Caro's epigraph is from Sophocles: 'One must wait until the evening to see how splendid the day has been.' Or, in Moses's case, Caro implies, to see how hollow the splendour has been. Moses spent most of his career awash in adulation. For nearly four decades, every print medium from the Times to the tabloids, from Fortune to Architecture Forum, agreed that he was a preternaturally gifted and dedicated public servant, a man above politics, above graft and greed, committed to Getting Things Done quickly and efficiently. And the things themselves - the parks, playgrounds and beaches, the bridges and parkways and expressways - either epitomised the grandeur of American aspiration, or enhanced the innocent pleasure of the American people at play, or both. Who could not admire such a man, working for peanuts or sometimes for nothing at all, transforming the city into a fitting capital for the richest and most powerful nation on earth? What's not to like?

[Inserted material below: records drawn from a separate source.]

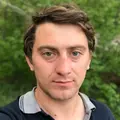 Я Саша, 31, из Новотроицка, ищу знакомство для регулярного секса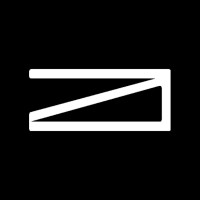 Awake logo - Similar company to Cake – Ridecake.Com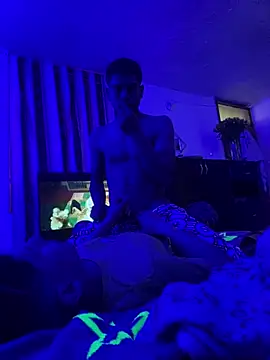 Dannytwinksxxx online show from January 18, 10:50 pm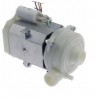 Bomba olympia L63.T20SX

Caro spends 1200 pages answering that question in detail. The legend of Robert Moses the disinterested public servant was always 'a gigantic hoax', he writes. Moses knew how to manipulate the local and national media, but he was as dependent on graft and patronage as any old pol from Tammany Hall, for decades the home of the Democratic Party machine. Though he didn't sup directly at the public trough, he had no scruples about ignoring or stretching the law to advance his agenda, creating no-show jobs for friends who could do him favours and no-bid contracts for compliant contractors, courting politicians with lavish entertainment at public expense - providing, on many such occasions at Jones Beach, martinis from one fountain, Manhattans from another, and music from Guy Lombardo and his Royal Canadians, the maestros of cheesy white pop. For the first decade or so of his career, Moses preserved his youthful attachment to the ideals of the Progressive movement - parks for the people, clean government by the competent - and pursued power for the sake of those ideals. But from 1934 on, after he was appointed parks commissioner by Mayor Fiorello La Guardia, he pursued power for the sake of more power.